Perhaps the garage-band tradition is better entrenched in the Pacific Northwest than anywhere else in America because the region’s perpetual precipitation encourages folks to while away their days cranking amps in their own carports or searching for Sonics singles in their neighbors’. Gas Huffer, unlike more historically minded peers, seem to have divided the above pursuits properly — spending about 90 percent of their time at the former, using the latter as little more than coasters for those ever-present tallboys.

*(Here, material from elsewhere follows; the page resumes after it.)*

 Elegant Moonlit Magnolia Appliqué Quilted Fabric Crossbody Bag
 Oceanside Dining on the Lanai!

The quartet was formed at the turn of the decade by guitarist Tom Price (formerly the prime mover in the U-Men, a heavy, gnarled band that presaged — and outstripped — the ghosts of grunge future) and quickly garnered a rep as the apogee of Seattle’s party-rock sector. Swathed in a tastelessly absurd comic-book largely drawn by drummer Joe Newton, Janitors of Tomorrow ambles through familiar psychobilly territory, but Price’s left-field flourishes and singer Matt Wright’s defeatist blue-collar humor cast the scenery in a slightly different light.

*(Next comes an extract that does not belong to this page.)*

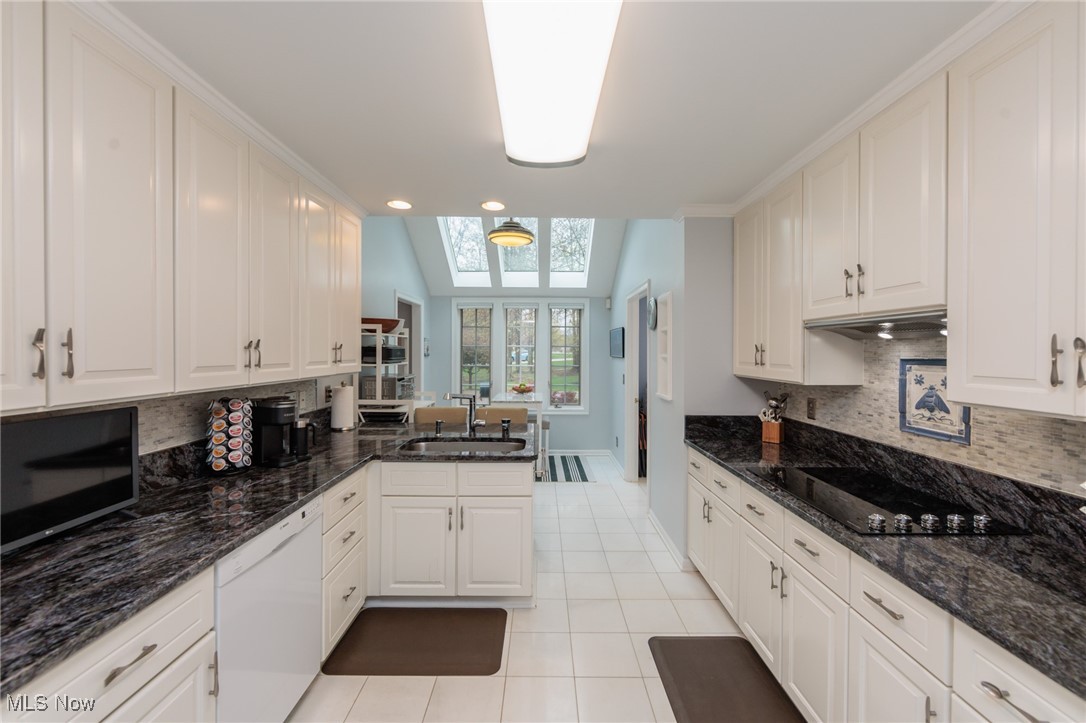 117 Royal Oak Drive, Aurora, Ohio image 10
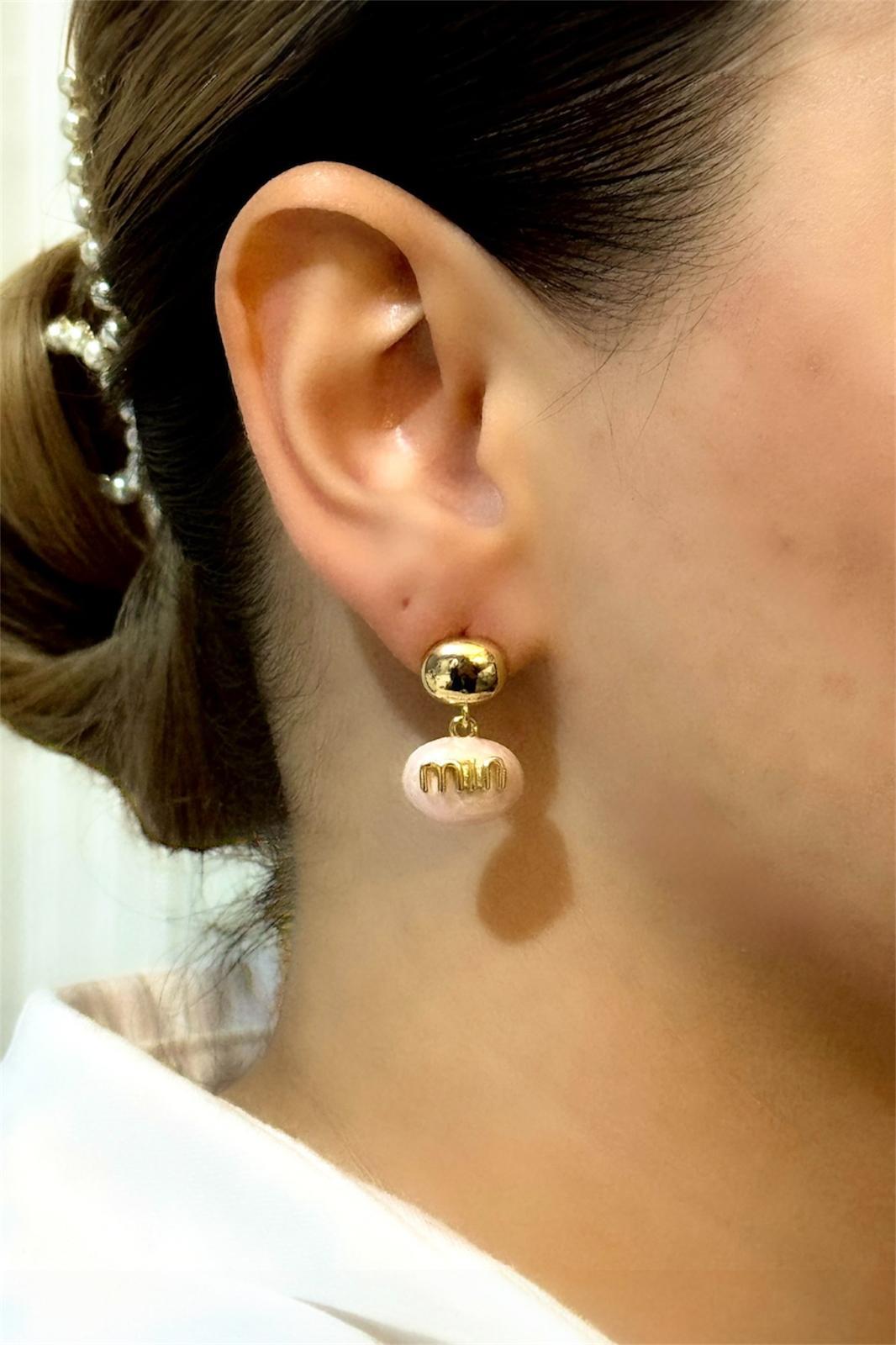 MIU Serisi Pembe Sedef Detaylı Taşlı Gold Küpe1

It’d be a stretch to say Integrity Technology and Service is any more serious than its predecessor, but the album does sound a whole lot more coherent. The spot-on call-and-response vocals that propel “George Washington” (“What do you think of this song?/We think it’s going on too long”) and Don Blackstone’s crypto-surf basslines (on “Bad Vibes”) are uncannily professional — but then again, “I.T.S. Credo” reaffirms the band-held view of rock as hard manual labor. Moving to Epitaph, One Inch Masters dispenses with the 9-to-5 shtick (did the recession hit home or something?), but Gas Huffer still manages to self-reference with the best of ’em, as evidenced by the overdriven club-tour anthem “Stay in Your House.” Although the presence of harmonies, middle eights and such (no doubt the influence of producer Kurt Bloch) might give primitivists pause, there’s no disputing the outright dopiness of songs like “Chicken Foot” and the mock-doomy “Appendix Gone.” It’s not all super-premium, but the fumes will keep you going for a while. The Inhuman Ordeal of Special Agent Gas Huffer was also produced by Bloch and offers an attendant comic/lyric book available by mail.